Improve Your Negotiations With The 5 Golden Rules.   LEARN THEM

We’ve all seen the pictures of negotiators sitting at the table — one team facing off against the other.

Importantly, each team almost always includes at least several individuals. Often, in fact, each team includes multiple players, each of whom may play a critical role.

The question is thus raised — how should corporate and other leaders assemble their most effective negotiation teams and what criteria should they use?

In many ways, the answer to this question is not that different than how leaders should assemble and run their most effective management teams.

After all, the ability of any manager to negotiate — internally with his/her colleagues and externally with others — forms a fundamental element of their success. It’s thus instructive to look to sound management principles for the answer to this question.

Jim Collins’ bestseller “Good to Great — Why Some Companies Make the Leap … and Others Don’t” offers sage advice that can help managers determine how to select their best negotiation team.

In his heavily researched work, Collins found the following traits common to all the companies that went from good to great. Each should also be applied when selecting your top negotiation teams.

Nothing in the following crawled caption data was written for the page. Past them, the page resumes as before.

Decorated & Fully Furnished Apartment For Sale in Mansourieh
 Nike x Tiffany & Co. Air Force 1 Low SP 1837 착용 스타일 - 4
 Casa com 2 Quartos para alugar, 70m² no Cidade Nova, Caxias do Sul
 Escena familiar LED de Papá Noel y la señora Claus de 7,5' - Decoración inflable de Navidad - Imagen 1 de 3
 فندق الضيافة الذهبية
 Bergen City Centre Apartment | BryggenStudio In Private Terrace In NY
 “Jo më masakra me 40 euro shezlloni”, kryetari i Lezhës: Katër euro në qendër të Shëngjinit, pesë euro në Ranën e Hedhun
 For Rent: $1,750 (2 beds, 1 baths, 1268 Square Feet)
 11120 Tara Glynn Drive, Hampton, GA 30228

1. Level 5 leadership: Collins found that good-to-great corporate leaders exhibited: personal humility, professional will, compelling modesty and understated egos, a fanatical drive to produce sustained results, and a workmanlike diligence (“more plow horse than show horse”). Great negotiators and negotiation team leaders exhibit many of these same traits.

Marquette University law professor Andrea Kupfer Schneider found in a 2002 study that the most effective negotiators were not overtly adversarial and were “both assertive (experienced, realistic, fair, astute, careful, wise) and empathetic (perceptive, communicative, accommodating, agreeable, adaptable).”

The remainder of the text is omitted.